The present invention concerns an integrated antenna device—for example an integrated antenna-receiver—a device having a body of semiconductor material, a planar metal antenna supported on the body, and one or more circuit elements incorporated in the semiconductor body, elements integrated with the metal antenna. Resistive connection is provided between the antenna device and corresponding contacts located remote from the antenna metal, to facilitate the coupling of the device to operative components—for example to power source or bias supply components, components external to the device, or to input control circuitry or output processing circuitry—components external to the device or incorporated in the semiconductor body at locations remote from the antenna metal.

BACKGROUND

Integrated antenna-receivers, and antenna-transmitters, for millimetre-band, have been discussed in Electronics Letters Vol. 17 No 20 pages 729-730 (October 1981). This article refers to receivers and transmitters which include a planar metal dipole antenna on a body of high dielectric constant material—eg semiconductor silicon, and include an active circuit element—eg a field-effect transistor or a Schottky-barrier mixer diode—incorporated between the dipole limbs, and connected across these limbs.

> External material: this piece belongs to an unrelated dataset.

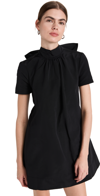 Staud Ilana Bow-detail Minidress In Black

In order to avoid disturbance of antenna resonance and impedance, resistive loading should be minimal. It is a requirement that the resistive connections provided should exhibit high sheet resistivity at high frequency—ie at frequencies at or near dipole resonance. Eg for a half wavelength resonant dipole on a silicon body, a sheet resistivity in excess of 500 Ω/□ (ohms per square) is desirable. It is a problem producing resistive connections of high sheet resistivity, reproduceably. It is thus a problem producing devices with good yield.

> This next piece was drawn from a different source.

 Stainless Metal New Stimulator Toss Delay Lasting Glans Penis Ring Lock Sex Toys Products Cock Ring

In order to avoid reactive coupling between the antenna and the operative components, it is a further requirement that the contacts should be located at some distance from the antenna metal, ie at locations where the amplitude of the electromagnetic fringe field is minimal—eg at a distance a factor of three or more times antenna dipole width from the antenna.

On the other hand, operative components are in general of low impedance, and if operation is to be optimum this requires that the resistance of each connection, at least at low frequency—eg frequencies from d.c. up to say 100 MHz, according to application—should be as low as is possible. But, for example, a sheet connection, of 500 Ω/□ resistivity, to a contact distant three antenna limb—widths from the antenna, would have a minimum resistance of about 1 KΩ. A lower resistance would be desirable.

DISCLOSURE OF THE INVENTION

According to the invention there is provided an integrated antenna device comprising:

• • a planar metal antenna on a semiconductor body, with at least one active circuit element incorporated in the semiconductor body, integrated with the antenna;
  • a contact located on the semiconductor body, at a point remote from the antenna; and,
  • a connection of resistive sheet material, extending between the antenna device and the contact;
  • wherein the sheet material connection is subdivided into resistive tracks, each of a width and a lateral spacing small compared with antenna width.

The sheet material may be subdivided thus by voids, or pits, or by regions of very high resistivity, such as produced by ion bombardment or radiation damage of the sheet material.

Since the connection structure is small scale—the tracks are of small width and lateral spacing—at high frequency, the subdivided connection is the equivalent of a uniform resistive sheet. The connection may thus be provided from resistive sheet of relatively low resistivity, with the advantage of robustness and reproduceability inherent in the use of such material, whilst the connection at the same time affords significantly higher effective sheet resistivity.

Furthermore, since the fringe field has high amplitude only in a region close to the antenna, the effective sheet resistivity of each connection may be tapered or graded to reduce the overall resistance of the connection at low frequency. This taper or grading may be achieved by variation in the width, lateral spacing and/or number of the resistive tracks between the antenna circuit and the corresponding contact. Eg. by variation of the density and distribution of voids, or by variation of the number and width of tracks in different sections of the connection.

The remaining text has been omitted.